Ideally, rather than a base and limit, a segment would designate a the top of a paging hierarchy (like access registers do on ESA/390 or z/Architecture).

I'd also want 8 or 16 segment registers, including separate user and kernel code and stack segment registers (so that instead of loading a new value into a single code or stack segment register on a mode switch, you'd just switch between already loaded segment registers).

Combuster · **Posted:** Thu May 03, 2012 11:55 am

Rudster816 wrote:

You also have to provide a way to update the TLB. It would be absolutely debilitating for the CPU to have to check every single TLB entry against every store operation to see if it needed to update something.

You'd have to do something similar for any store on SMP: if you don't own it, get it.

Which essentially means that you make caching TLB^C/D and consequently you need to check the TLB for coherency only on a cache miss - out of the hot path. Plus caches are silicon, so you can drop an address on a dedicated TLB bus and pretty much pull out all entries in one go.

The advantage is is that this scheme works combined with TLB tagging without the need for retrofitting the existing system codebase - i.e. not flushing entries on an address space switch but only disable them in case stuff gets switched back before the cache ran out of pages, and cache coherency will pull them out if another process pokes into memory = less pain on microkernels.

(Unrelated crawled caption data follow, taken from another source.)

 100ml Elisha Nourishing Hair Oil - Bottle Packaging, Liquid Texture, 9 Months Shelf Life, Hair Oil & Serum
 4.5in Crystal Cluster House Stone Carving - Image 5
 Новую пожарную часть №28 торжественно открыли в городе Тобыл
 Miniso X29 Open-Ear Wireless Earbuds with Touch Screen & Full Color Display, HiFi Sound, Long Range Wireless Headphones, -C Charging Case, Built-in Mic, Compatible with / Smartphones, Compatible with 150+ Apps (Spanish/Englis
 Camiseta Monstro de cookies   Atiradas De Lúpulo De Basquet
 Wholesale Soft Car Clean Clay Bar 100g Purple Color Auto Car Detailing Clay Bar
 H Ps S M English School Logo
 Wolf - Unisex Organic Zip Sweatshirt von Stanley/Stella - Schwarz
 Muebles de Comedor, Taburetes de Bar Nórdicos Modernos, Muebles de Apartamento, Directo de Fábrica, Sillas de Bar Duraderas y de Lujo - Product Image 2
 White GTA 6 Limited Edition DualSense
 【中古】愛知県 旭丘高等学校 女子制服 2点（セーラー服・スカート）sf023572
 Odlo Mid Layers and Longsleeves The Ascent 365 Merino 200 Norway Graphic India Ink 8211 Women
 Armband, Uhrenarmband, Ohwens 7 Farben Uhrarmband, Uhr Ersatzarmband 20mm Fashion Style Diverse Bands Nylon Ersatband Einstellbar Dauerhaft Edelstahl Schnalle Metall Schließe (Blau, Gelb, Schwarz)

AndrewAPrice · **Posted:** Thu May 03, 2012 11:56 am

Rudster816 wrote:

quote="MessiahAndrw"]I'd like slower but may cores.
e.g.
3,000 1 Mhz cores than 1 3GHz core.

Would be many orders of magnitude slower than it's 1 3Ghz core counterpart. It would also never fit in a single chip, as frequency has nothing to do silicon usage.

http://en.wikipedia.org/wiki/Amdahl%27s_law[/quote]
With the technological advances we have, it'll be hard to justify limiting the speed to 1Mhz. But, I was just fantasizing about how great it would be to have nearly virtually unlimited cores. You wouldn't have to worry about time sharing a core.

"Multitasking" will be about how you allocate cores out (and deal with processes requesting extra cores) rather than context switching every 5-10 milliseconds.

NickJohnson · **Posted:** Thu May 03, 2012 1:44 pm

I don't know what everyone is complaining about; I kind of like the x86. It's ISA is definitely bloated, but in a comfy, bean-bag chair sort of way. More importantly, it's well-documented, fast, and easy/cheap to find hardware for.

Rudster816 · **Joined:** Thu Jun 17, 2010 2:36 am **Posts:** 141

Combuster wrote:

Rudster816 wrote:

You also have to provide a way to update the TLB. It would be absolutely debilitating for the CPU to have to check every single TLB entry against every store operation to see if it needed to update something.

You'd have to do something similar for any store on SMP: if you don't own it, get it.

Which essentially means that you make caching TLB^C/D and consequently you need to check the TLB for coherency only on a cache miss - out of the hot path. Plus caches are silicon, so you can drop an address on a dedicated TLB bus and pretty much pull out all entries in one go.

The advantage is is that this scheme works combined with TLB tagging without the need for retrofitting the existing system codebase - i.e. not flushing entries on an address space switch but only disable them in case stuff gets switched back before the cache ran out of pages, and cache coherency will pull them out if another process pokes into memory = less pain on microkernels.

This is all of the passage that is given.